[EXERCISE AIM]:
The material below holds a span beginning at the line with "ourply加速器vlp兑换码" and ending at the line with "Good Moms Raise". Quote that span exactly, both ends included, and only that span.

Start of SOURCE INFORMATION

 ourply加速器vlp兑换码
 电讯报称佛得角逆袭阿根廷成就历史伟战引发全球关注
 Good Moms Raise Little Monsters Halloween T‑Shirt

End of SOURCE INFORMATION
Start of SOURCE INFORMATION

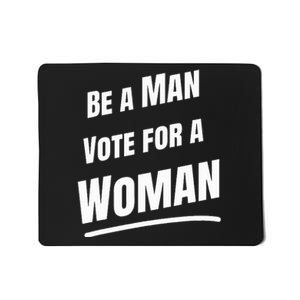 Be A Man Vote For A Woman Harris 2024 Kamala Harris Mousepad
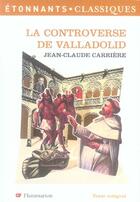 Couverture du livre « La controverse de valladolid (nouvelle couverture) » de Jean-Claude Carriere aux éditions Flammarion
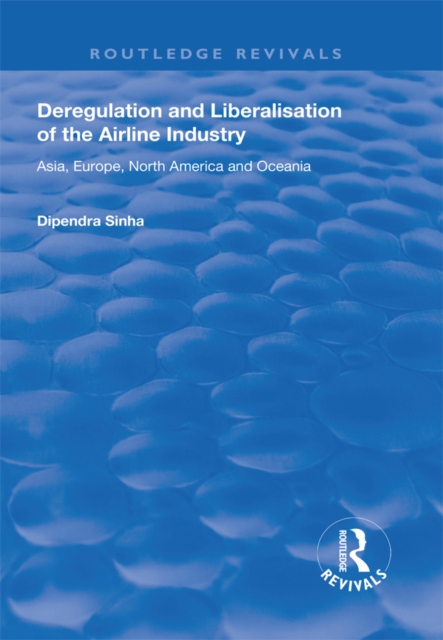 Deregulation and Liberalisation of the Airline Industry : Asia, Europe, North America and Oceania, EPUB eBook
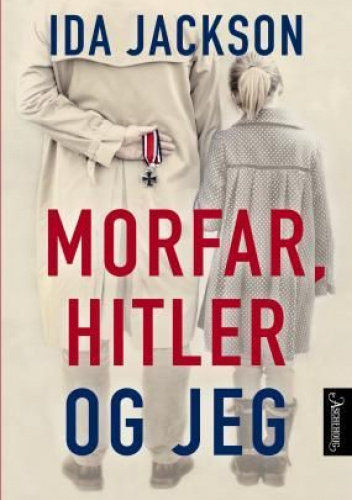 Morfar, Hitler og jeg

End of SOURCE INFORMATION
Start of SOURCE INFORMATION

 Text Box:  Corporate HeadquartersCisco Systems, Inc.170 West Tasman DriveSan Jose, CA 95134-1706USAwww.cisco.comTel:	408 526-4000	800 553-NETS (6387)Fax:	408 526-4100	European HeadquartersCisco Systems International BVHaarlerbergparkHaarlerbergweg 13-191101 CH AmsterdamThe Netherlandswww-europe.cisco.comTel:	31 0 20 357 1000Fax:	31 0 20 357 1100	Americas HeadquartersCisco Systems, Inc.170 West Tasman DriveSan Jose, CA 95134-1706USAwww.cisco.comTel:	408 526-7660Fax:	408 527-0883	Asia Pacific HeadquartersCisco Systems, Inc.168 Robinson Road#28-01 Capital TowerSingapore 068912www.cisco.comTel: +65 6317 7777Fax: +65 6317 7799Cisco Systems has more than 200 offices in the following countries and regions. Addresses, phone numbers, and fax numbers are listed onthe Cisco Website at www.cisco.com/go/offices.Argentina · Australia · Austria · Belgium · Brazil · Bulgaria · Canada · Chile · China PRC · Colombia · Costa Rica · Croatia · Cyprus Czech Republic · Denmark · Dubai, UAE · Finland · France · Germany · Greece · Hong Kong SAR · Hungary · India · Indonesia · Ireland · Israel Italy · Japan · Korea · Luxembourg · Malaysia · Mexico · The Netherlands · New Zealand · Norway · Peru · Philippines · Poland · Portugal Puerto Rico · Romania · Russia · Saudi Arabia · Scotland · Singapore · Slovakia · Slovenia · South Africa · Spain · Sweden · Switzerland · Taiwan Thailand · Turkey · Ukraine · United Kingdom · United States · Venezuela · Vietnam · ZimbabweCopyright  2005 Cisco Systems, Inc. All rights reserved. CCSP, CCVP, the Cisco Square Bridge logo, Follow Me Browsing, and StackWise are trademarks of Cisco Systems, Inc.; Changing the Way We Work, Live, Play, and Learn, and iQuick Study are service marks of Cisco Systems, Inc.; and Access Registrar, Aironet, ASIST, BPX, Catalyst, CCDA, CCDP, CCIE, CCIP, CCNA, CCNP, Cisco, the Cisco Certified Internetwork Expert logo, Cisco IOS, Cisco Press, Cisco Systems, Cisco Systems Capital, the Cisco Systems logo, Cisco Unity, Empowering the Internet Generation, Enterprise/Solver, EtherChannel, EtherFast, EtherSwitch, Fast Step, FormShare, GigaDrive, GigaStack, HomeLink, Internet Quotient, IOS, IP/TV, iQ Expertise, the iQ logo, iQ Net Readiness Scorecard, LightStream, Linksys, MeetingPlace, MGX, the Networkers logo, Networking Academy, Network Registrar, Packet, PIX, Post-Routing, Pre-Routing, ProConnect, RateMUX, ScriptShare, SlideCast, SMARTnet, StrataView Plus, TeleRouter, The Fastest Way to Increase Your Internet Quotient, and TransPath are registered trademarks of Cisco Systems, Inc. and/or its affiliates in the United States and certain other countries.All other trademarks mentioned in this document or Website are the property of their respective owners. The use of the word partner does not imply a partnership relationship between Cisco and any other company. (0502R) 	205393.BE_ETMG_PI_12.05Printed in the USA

End of SOURCE INFORMATION

[RESPONSE AREA]:
 ourply加速器vlp兑换码
 电讯报称佛得角逆袭阿根廷成就历史伟战引发全球关注
 Good Moms Raise Little Monsters Halloween T‑Shirt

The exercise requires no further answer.